H. Douglass made some mistakes in China but so did i , only my quirky 'rescue the cash ' attitude saved me from SOME bad results

China in hindsight has been a trap for the greedy ( and i lost a couple of fingers there as well )

i won't be running the calculator over this until the REGULATORY landscape becomes clearer , the regulator might see MFG as a perfect victim to use as an example ( instead of AMP and some others that deserve the complete electron microscope examination )

yes MFG has some issues , but can they find the talent to turn the ship around ,
and a mass exodus near the top of the market , might be their long term savior , imagine the rush market wide if it dropped 60% or more ( in less than a year ) ( i panicked in MFG but ended up awash with cash when the market imploded shortly after , so be one of the few cashed up buyers left )

( i have had several 'lucky escapes ' in the last 10 years , so i know what it is like to make the best choice for all the wrong reasons )
 
Magellan co-founder and chief investment officer Hamish Douglass told anxious staff on Monday that the company could recover, partly thanks to its “relationships with thousands of financial advisers”.
Although not a financial adviser, I worked in Financial Services and let me tell you years ago the Magellan roadshow was spinning out of control.

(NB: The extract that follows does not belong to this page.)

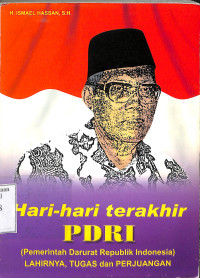 Hari-hari Terakhir PDRI : (Pemerintah Darurat Republik Indonesia)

Early 2010 and 2011, Hamish would do the legwork and tell the story. But I remember one presentation , about 2016 or maybe 2017, when there was fawning praise from his minions for one advisory group in the room as their longstanding boss was retiring. But listen, small pond, he was a bit of a 'character'. No real enjoyment sitting there squirming as this average Joe was lauded. Sure he brought money in the Magellan door, but so had we. It was uncomfortable, and unnecessary. An insight that they had turned from selling on merits to a marketing outfit.

First hubris, then nemesis.
 
Although not a financial adviser, I worked in Financial Services and let me tell you years ago the Magellan roadshow was spinning out of control. Early 2010 and 2011, Hamish would do the legwork and tell the story. But I remember one presentation , about 2016 or maybe 2017, when there was fawning praise from his minions for one advisory group in the room as their longstanding boss was retiring. But listen, small pond, he was a bit of a 'character'. No real enjoyment sitting there squirming as this average Joe was lauded. Sure he brought money in the Magellan door, but so had we. It was uncomfortable, and unnecessary. An insight that they had turned from selling on merits to a marketing outfit.

First hubris, then nemesis.
A quite believable commentary.

Hubris : Atis : Nemesis : Tisis

Hubris, overconfidence threatens the gods, annoying Zeus. Atis is sent to dim and blur the mind and vision. This leads to further insults to the gods and nemesis, the reckoning. The end result is tisis which I believe is the final punishment.

One wonders where young Douglass and MFG sit on this continuum.